2017 Mar 12th

Swiss nuclear power plant operators purchased uranium from the Soviet Union during the Cold War

“Since Switzerland purchased uranium from the Soviet Union in the 1970s and 80s, it is possible that uranium from Green Cross project areas might have been used in Swiss nuclear power plants,” says Nathalie Gysi, Executive Director of Green Cross Switzerland.

According to a report of the International Atom Energy Agency (IAEA), 30 percent of the uranium was mined in Central Asia at the time of the Soviet Union. The Russian company Techsnabexport (TENEX) offers mining of uranium ore, conversion, enrichment and the production of nuclear fuel and is an important uranium enrichment service provider for nuclear reactors of western design. Between 1975 and 1989 Swiss power companies had contracts with TENEX for uranium enrichment services. The uranium from Central Asia was processed by the Soviet military-industrial complex together with uranium from other regions.

In addition to Switzerland, the uranium from the Soviet Union was also sold to Germany, Finland, France, Spain, Sweden, the United Kingdom and the USA at that time. Because a substantial part of the uranium mined in the Soviet Union at that time came from Central Asia, it cannot be excluded that uranium from Central Asia was also sold to and used by these eight nations. Hundreds of million tonnes of uranium mining waste have been abandoned out under the open skies of Central Asia. The situation at the Digmai uranium mine dump in Tajikistan is particularly desolate, where 36 million tonnes of radioactive waste were left. The radiation measured on these tailings is between 4.5 and20 μSv/h microsievert per hour. Normally, numbers like these are registered only in the wake of a nuclear disaster such as Chernobyl or Fukushima. In connection with a UNDP project to prioritise the uranium waste in Central Asia, Green Cross is working on a clean-up programme to protect the population of Tajikistan.

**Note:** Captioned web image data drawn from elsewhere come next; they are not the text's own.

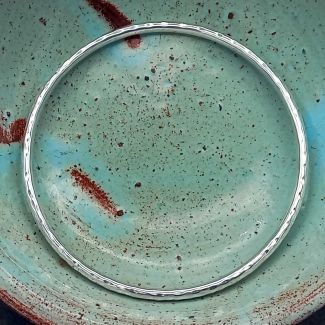 Hammered larger silver bangle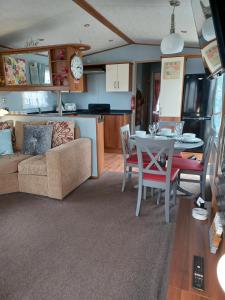 SeasalterVista Caravan Hire的客厅以及带沙发和桌子的厨房。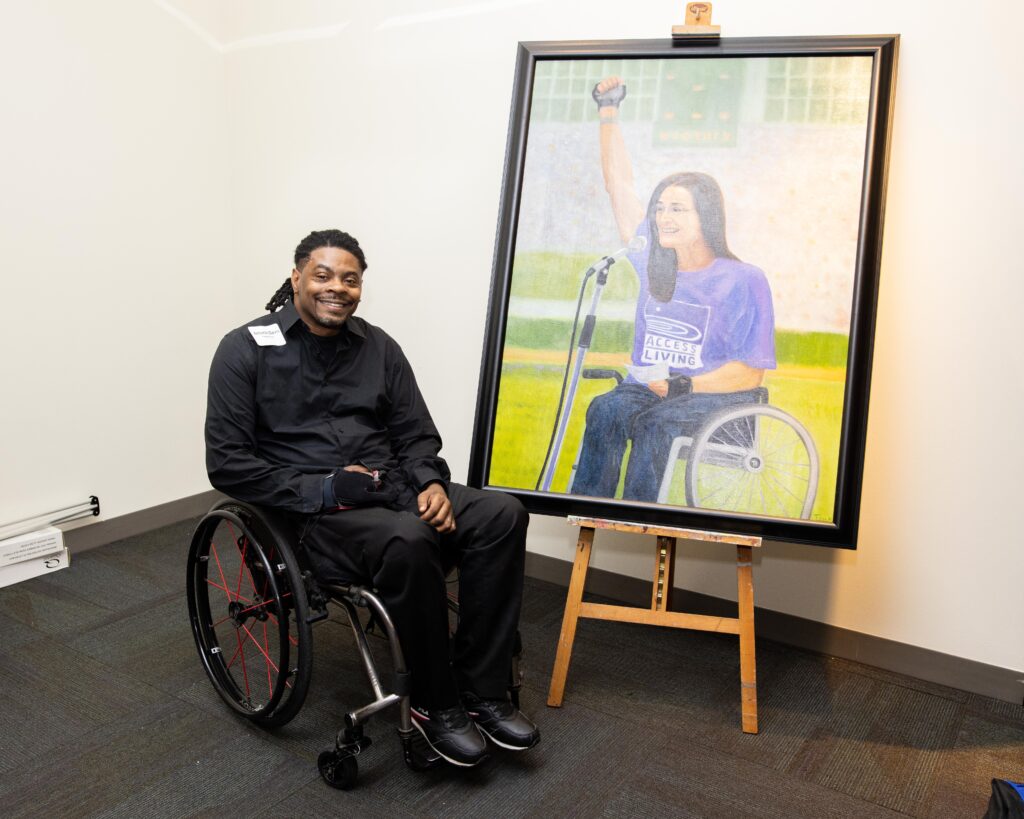 Black man in wheelchair sits by painting.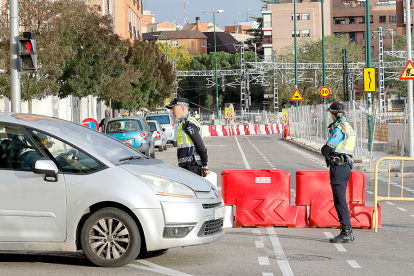 Dos policías municipales controlan el tráfico en la calle Estación, recién cortada. J. M. LOSTAU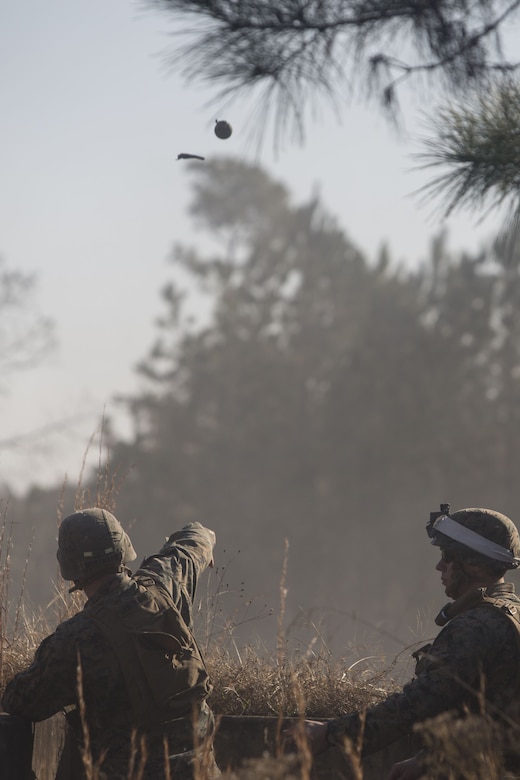 A Marine with 2nd Battalion, 8th Marine Regiment throws an M67 fragmentation grenade at a grenade range during a deployment for training exercise at Fort A.P. Hill, V.A., Dec. 1, 2017. The range consisted of the Marines reacting to enemy contact, buddy rushing, using M69 training grenades and M67 fragmentation grenades. The Marines are conducting the DFT to maintain proficiency at the squad, platoon, company, and battalion-level of warfighting in preparation for an upcoming deployment to Japan. (U.S. Marine Corps photo by Lance Cpl. Ashley McLaughlin)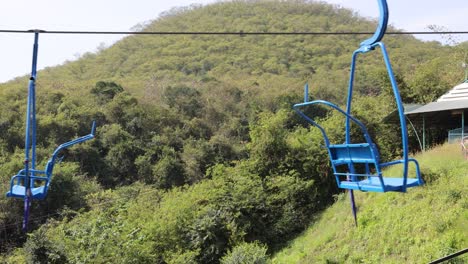 empty chairlifts moving over lush greenery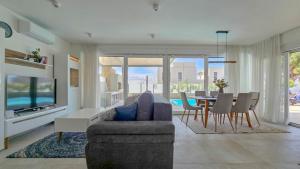 a living room with a couch and a table with chairs at Sea House 1 in Novigrad Istria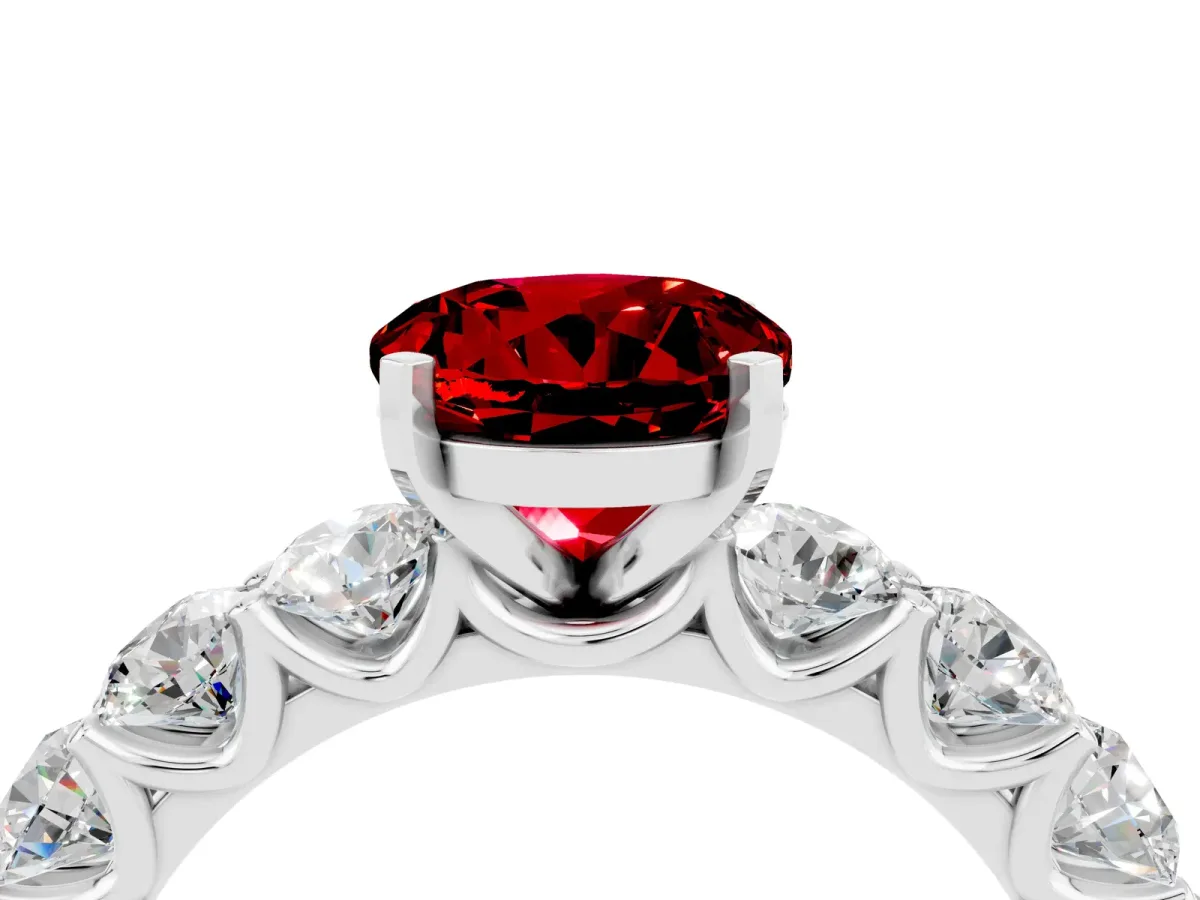 Round Cut Ruby Prong Setting with Side Stones on a Pave Band White gold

Green Cross is calling upon the operators of nuclear power plants, asking them to support Tajikistan in the clean-up of uranium contamination. Help is urgently needed in northern Tajikistan. Radioactive sources, even hotspots, have been found immediately adjacent to residential areas. Except for an old unfinished fence, there is often no other indication that the presence on the abandoned uranium dumps is fraught with life-threatening danger. As a result, the residents are quite careless. They let their cattle graze in the area and their children play there as well. The nuclear waste also contaminates the drinking water.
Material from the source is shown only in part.